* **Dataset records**
◇ ◇ ◇ ◇

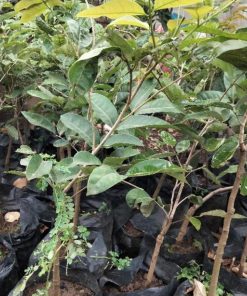 jual tanaman buah klengkeng aroma durian genjah Landak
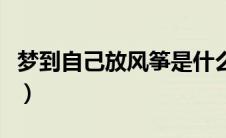 梦到自己放风筝是什么意思（风筝是什么意思）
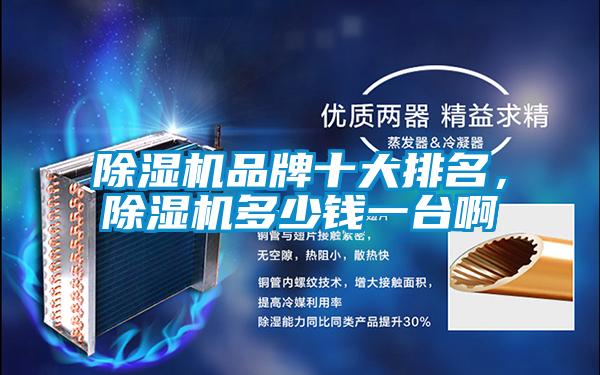 除濕機品牌十大排名，除濕機多少錢一臺啊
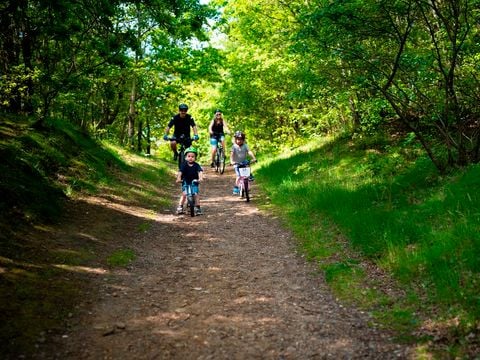 Landal Seawest - Zuid-Denemarken
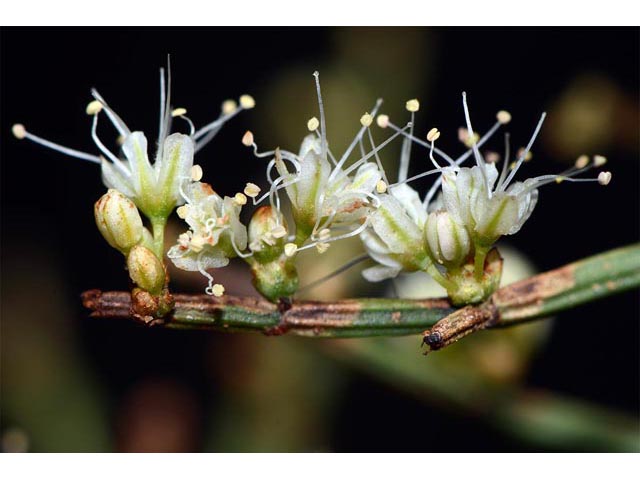 Eriogonum heermannii var. sulcatum (Heermann's grooved wild buckwheat) #52224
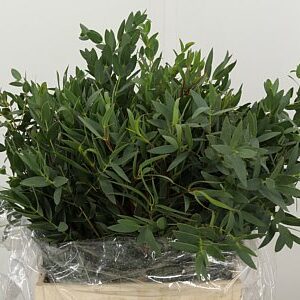 Eukalyptus Parvifolia 70 cm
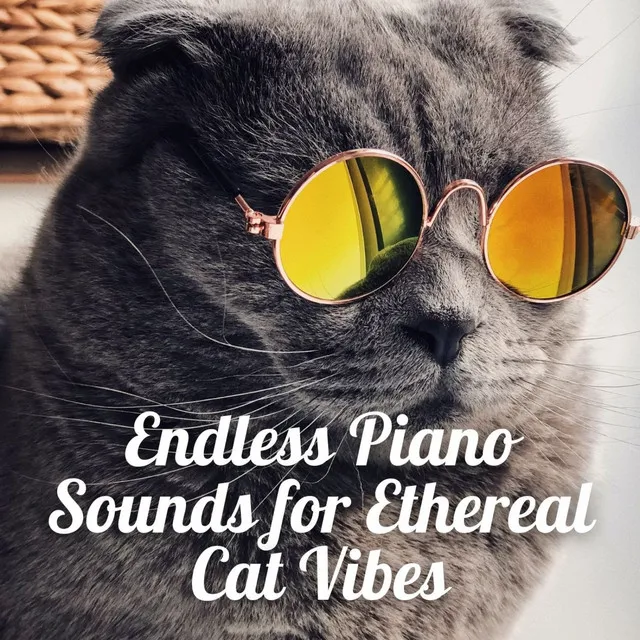 Dreamy Piano Whiskers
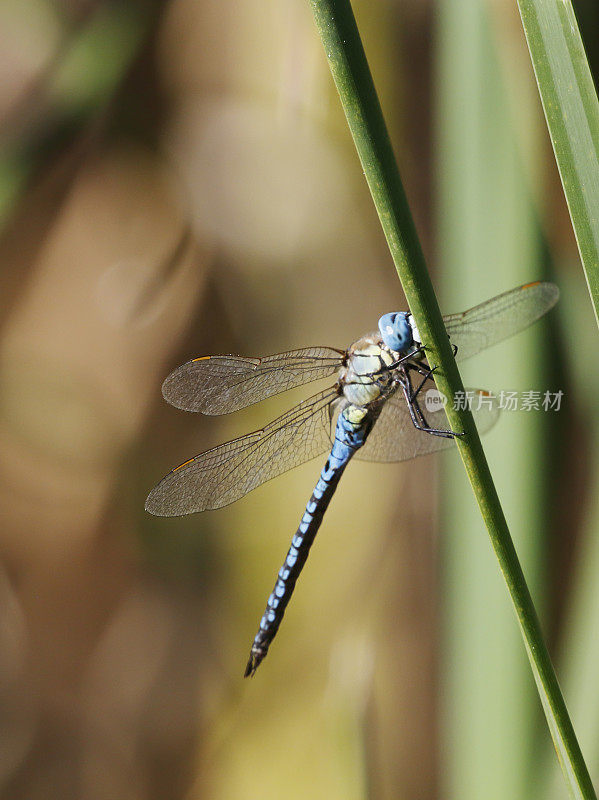 蓝眼霍克蜻蜓，南方迁徙霍克蜻蜓(Aeshna affinis)雄性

◇ ◇ ◇ ◇

* **What needs to be done**
Your task is to restate word for word the lines from the one containing "Eukalyptus Parvifolia 70 cm" through the last line of the data, both ends included, with no pictures.

* **Worked solution**
 Eukalyptus Parvifolia 70 cm
 Dreamy Piano Whiskers
 蓝眼霍克蜻蜓，南方迁徙霍克蜻蜓(Aeshna affinis)雄性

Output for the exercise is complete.